To layout the tree on a map (say OpenStreetMap using Leaflet or Google Maps) I convert the NEXUS file to GeoJSON. There are a couple of problems to solve when doing this.Typically when drawing a phylogeny we compute x and y coordinates for a device such as a computer screen or printer where these coordinates have equal units and are linear in both horizontal and vertical dimensions. In web maps coordinates are expressed in terms of latitude and longitude, and in the widely-used Web Mercator projection the vertical axis (latitude) is non-linear. Furthermore, on a web map the user can zoom in and out, so pixel-based coordinates only make sense with respect to a given zoom level.

To tackle this I compute the layout of the tree in pixels at zoom level 0, when the web map comprises a single "tile".

The tile coordinates are then converted to latitude and longitude, so that they can be placed on the map. The map applications take care of zooming in and out, so the tree scales appropriately. The actual sampling localities are simply markers on the map. Another problem is to reduce the visual clutter that results from criss-crossing lines connecting connecting the tips of the tree and the associated sampling localities. To make the diagram more comprehensible, I adopt the approach used by GenGIS to reorder the nodes in the tree to minimise the crossings (see algorithm in doi:10.7155/jgaa.00088). The tree and the lines connecting it to the localities are encoded as "LineString" objects in the GeoJSON file.

There are a couple of things which could be done with this kind of tool. The first is to add it as a visualisation to a set of phylogenies or occurrence data. For example, imagine my "million barcode map" having the ability to display a geophylogeny for any barcode you click on.

Another use would be to create a geographically indexed database of phylogenies. There are databases such as CouchDB that store JSON as a native format, and it would be fairly straightforward to consume GeoJSON for a geophylogeny, ignore the bits that draw the tree on the map, and index the localities. We could then search for trees in a given region, and render them on a map.

There's still some work to do (I need to make the orientation of the tree optional and there are some edges case that need to be handled), but it's starting to reach the point when it's fun just to explore some examples, such as these microendemic Agnotecous crickets in New Caledonia (data from doi:10.1371/journal.pone.0048047 and GBIF).

Thursday, May 02, 2013

GBIF data quality: visualising Mesibov's millipedes

Bob Mesibov (who has been a guest author on this blog) recently published a paper on data quality in in ZooKeys:

Mesibov, R. (2013). A specialist’s audit of aggregated occurrence records. ZooKeys, 293(0), 1–18. doi:10.3897/zookeys.293.5111

In this paper Bob documents some significant discrepancies between data in his Millipedes of Australia (MoA) database and the equivalent data in the Atlas of Living Australia and GBIF (disclosure, I was a reviewer of the paper, and also sit on GBIF's science committee).

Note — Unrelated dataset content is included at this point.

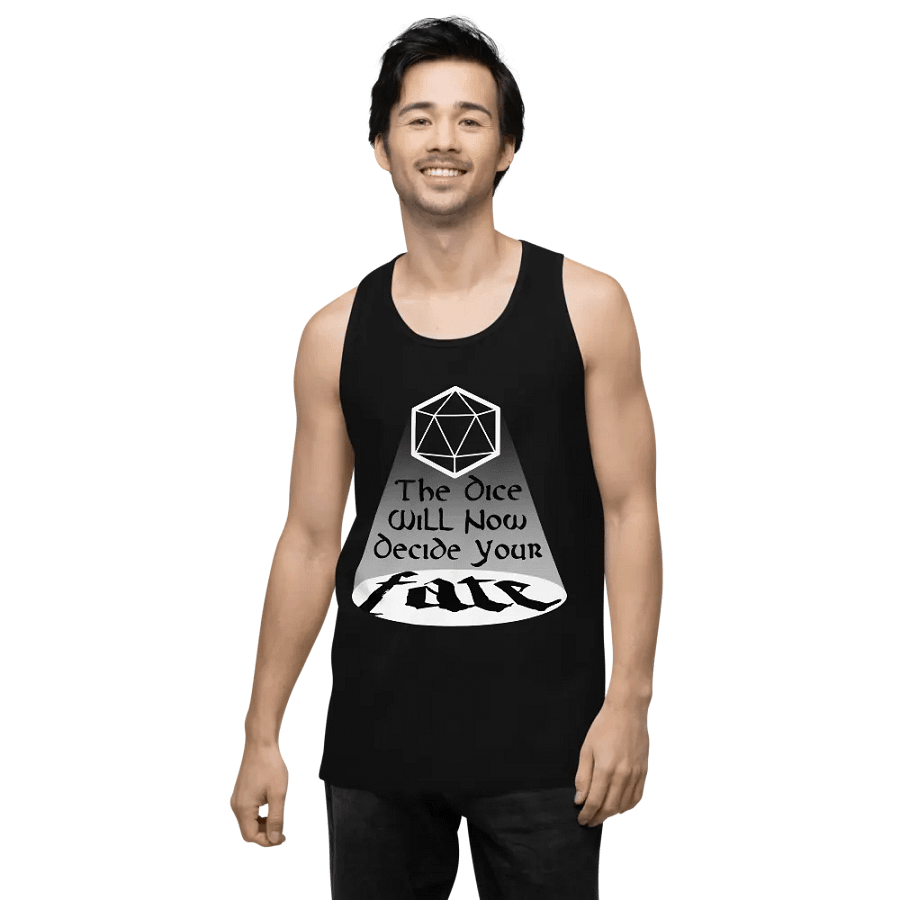 The Dice Will Now Decide Your Fate Tank product image (7)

This paper spawned a thread on TAXACOM, and also came up at the GBIF meeting I was at earlier this week.

One thing lacking from the discussion is a clear sense of just how big are the discrepancies between GBIF and MoA data, so I grabbed the data provided by Bob (http://dx.doi.org/10.3897/zookeys.293.5111.app and extracted the records where GBIF and MoA disagreed. I converted these to GeoJSON and threw them on Google Maps:

Mesibov2

You can see a live version here http://bl.ocks.org/rdmpage/raw/5501293/ (it can take a little while for the map to appear). I've connected the MoA and GBIF localities for the same occurrence by a straight line, and the the MoA records are encircled by an estimate of their uncertainty (for many records the circle is invisible at this scale).

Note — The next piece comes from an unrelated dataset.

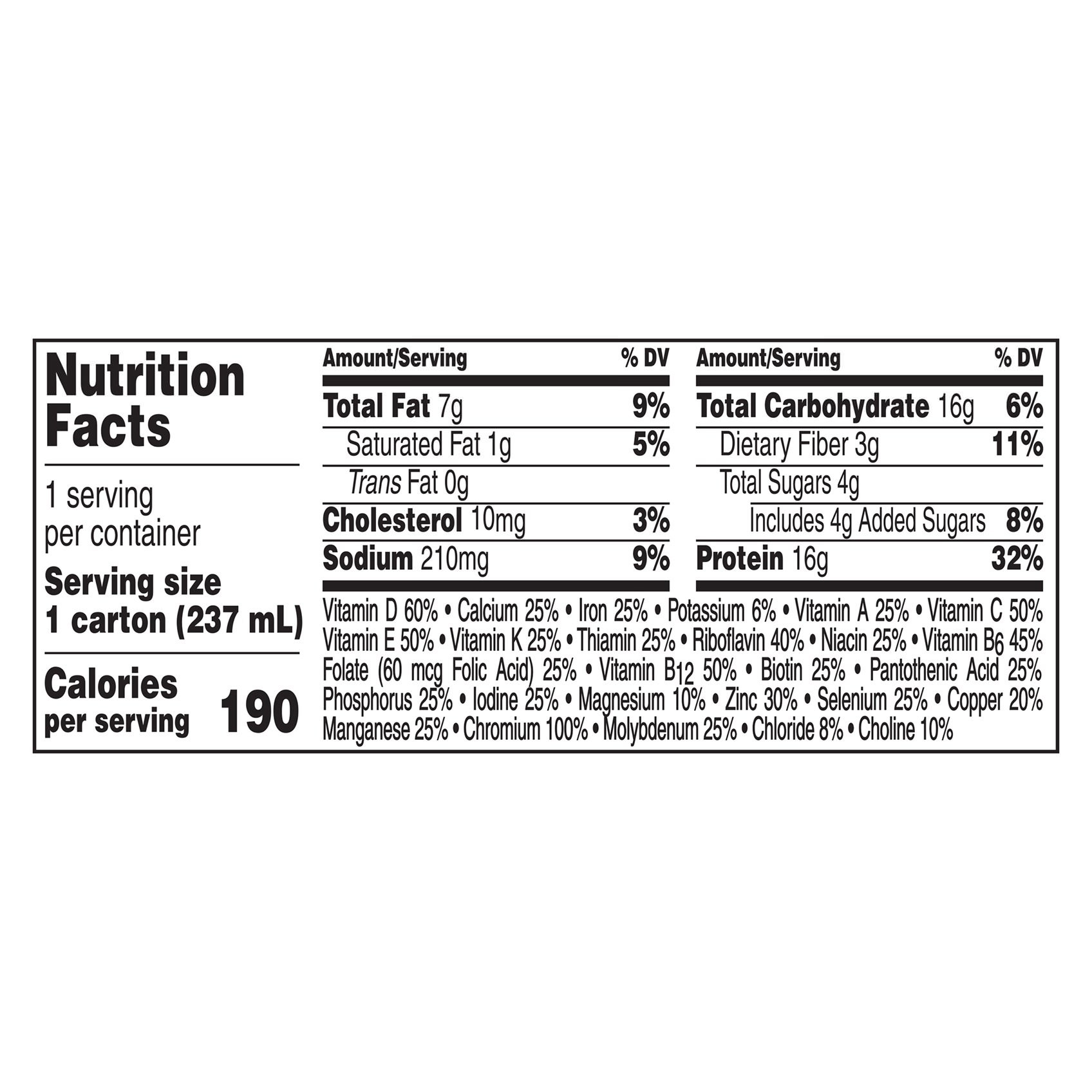 Boost Glucose Control Balanced Nutritional Drink thumbnail 3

There are some fairly spectacular discrepancies, and a lot of relatively small scale displacements of records. Does this matter? The answer to this question will depend on what people want to do with the data. You may regard the discrepancies as serious (certainly it's interesting that there are so many differences between the two data sets), or minor given the geographic scale. But visualising them at least makes it possible to form a judgement.